> **REQUIRED ACTION**:
Write down exactly the lines from the one below that has "Corbata SAROSA" to the end of the data, both ends included; the pictures should not appear in your copy.

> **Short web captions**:
*** Begin section ***

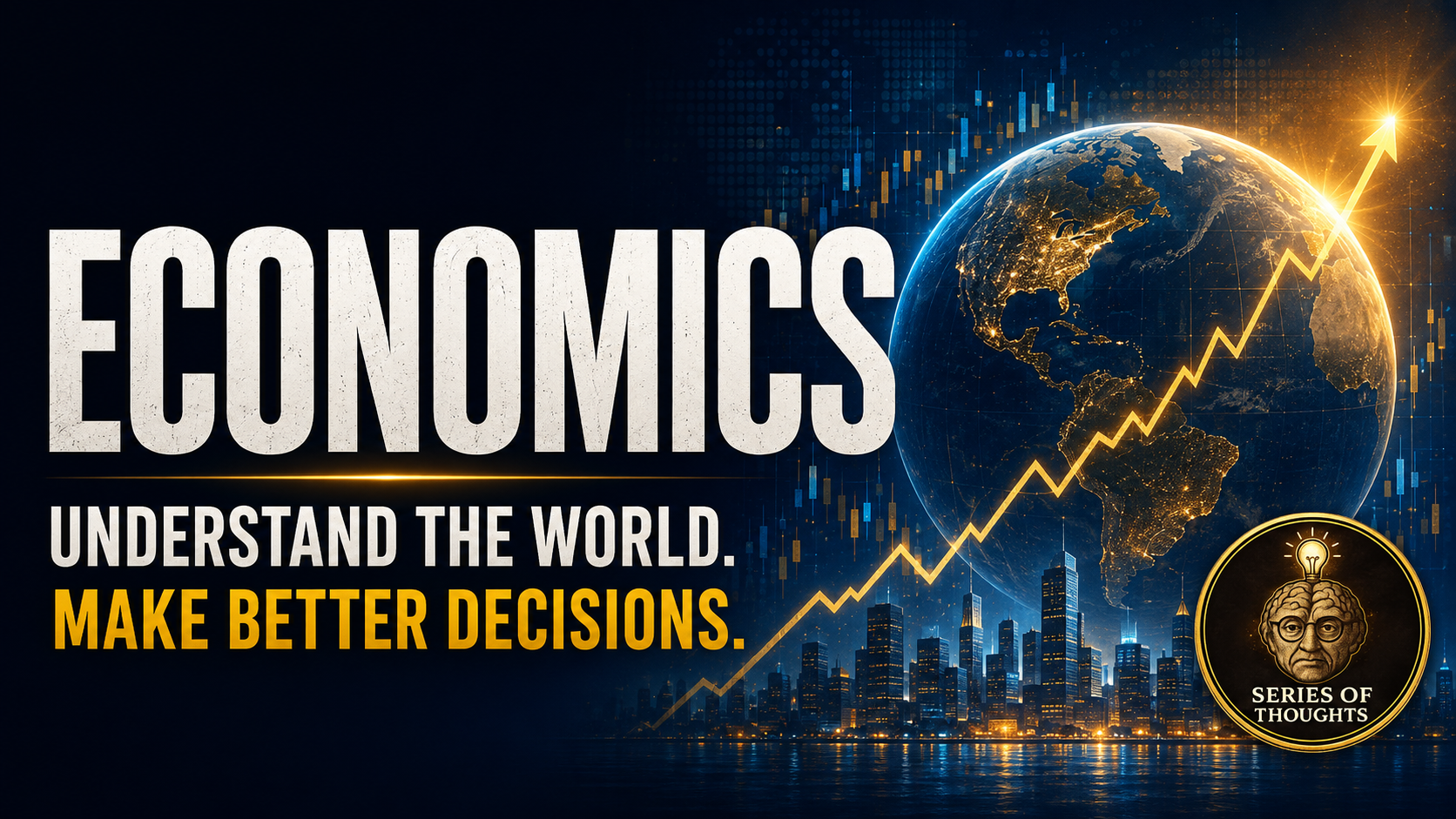 Economics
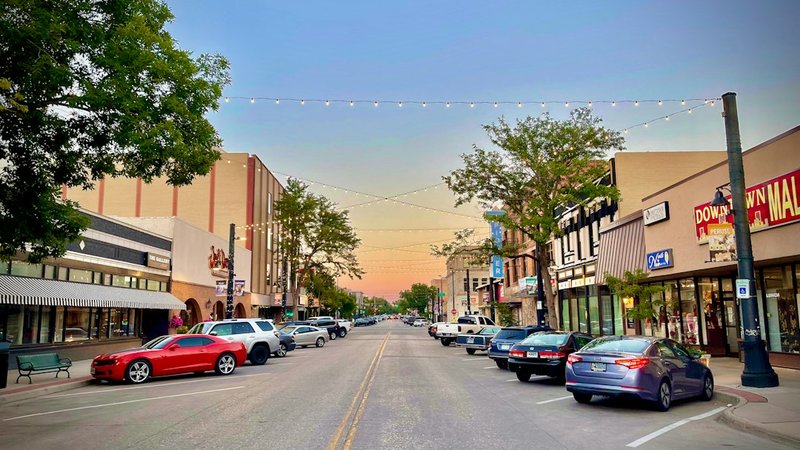 Payday Loans in Wyoming and What State Law Allows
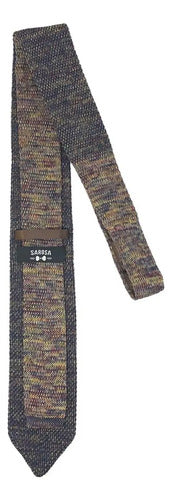 Corbata SAROSA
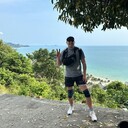 ���������� ������, ���� ������� ����, 30 ���, ������������ ��� ������, ����� � ���������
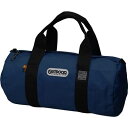 OUTDOOR PRODUTS アウトドアプロダクツ ロールボストン45 バッグ メンズ レディース 6151660 ラフィートスポーツ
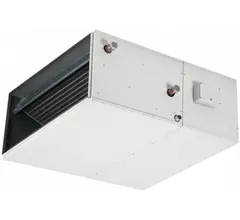 Канальный Фанкойл Royal Clima VCB 920P2 (D)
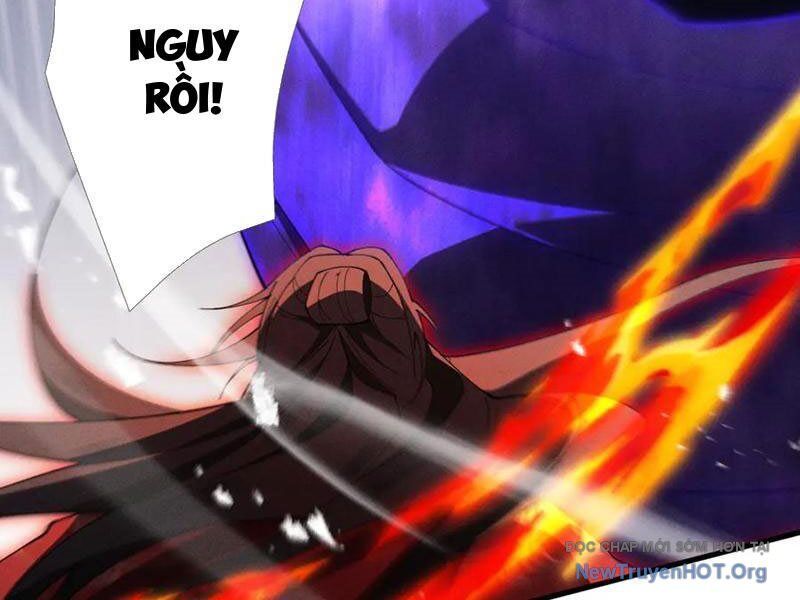 Gặp Mạnh Thì Càng Mạnh, Tu Vi Của Ta Không Giới Hạn Chapter 65 - Trang 2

*** End section ***

> **ANSWER SECTION**:
 Corbata SAROSA
 ���������� ������, ���� ������� ����, 30 ���, ������������ ��� ������, ����� � ���������
 OUTDOOR PRODUTS アウトドアプロダクツ ロールボストン45 バッグ メンズ レディース 6151660 ラフィートスポーツ
 Канальный Фанкойл Royal Clima VCB 920P2 (D)
 Gặp Mạnh Thì Càng Mạnh, Tu Vi Của Ta Không Giới Hạn Chapter 65 - Trang 2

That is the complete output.